Harry has two conversations with Dumbledore in the whole book, once at Christmas, and then once at the end of the book, after the events behind the locked door on the third floor corridor.
No wonder ten year old me wanted more, the book was astonishingly brief, and as such it suffers a little bit for it. The characters are well-developed and the plot, while more basic than later ones, proceeds at a good pace, but there is a lack of warmth and everything feels too streamlined.
Still, it’s a great introduction to the series, it sets some things up nicely for the on-going series (whether those set-ups were intentional or not) and for a ten year old boy looking for something more to read, it’s a great gateway novel.
In reading Philosopher’s Stone, I’m reminded that the series did not become a runaway success straight from the beginning, it wasn’t really until the third book was released that it became a hit amongst adults as well as children.
Back to my question then… is Harry Potter and the Philosopher’s Stone a good book? That really depends on who’s answering. The nearly 28 year old me says it’s comfortably on the high end of average, the ten year old me say it’s the best book he’s ever read. And that’s a good thing, because it wasn’t written for me, it was for him.
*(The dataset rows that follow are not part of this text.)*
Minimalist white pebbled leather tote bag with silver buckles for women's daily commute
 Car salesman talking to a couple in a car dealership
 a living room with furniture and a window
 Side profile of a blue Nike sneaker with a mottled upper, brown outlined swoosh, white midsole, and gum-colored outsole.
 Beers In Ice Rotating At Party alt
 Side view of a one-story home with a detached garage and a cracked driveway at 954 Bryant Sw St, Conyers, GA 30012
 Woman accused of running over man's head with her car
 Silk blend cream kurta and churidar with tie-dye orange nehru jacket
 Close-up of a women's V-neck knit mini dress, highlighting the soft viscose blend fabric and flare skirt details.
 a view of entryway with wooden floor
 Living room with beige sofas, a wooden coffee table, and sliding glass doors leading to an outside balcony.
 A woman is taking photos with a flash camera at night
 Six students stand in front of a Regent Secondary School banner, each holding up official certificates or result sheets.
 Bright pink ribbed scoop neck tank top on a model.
I’ll finish this review with the way I finished my review eighteen years ago, with my favourite quote from the novel, a quote that comes my favourite scene, one that sets the tone for the remainder of the series.
‘Ah! Bertie Bott’s Every Flavour Beans! I was unfortunate enough in my youth to come across a vomit-flavoured one, and since then I’m afraid I’ve rather lost my liking for them – but I think I’ll be safe with a nice toffee, don’t you?’
He smiled and popped the golden-brown bean into his mouth. Then he choked and said, ‘Alas! Ear wax!’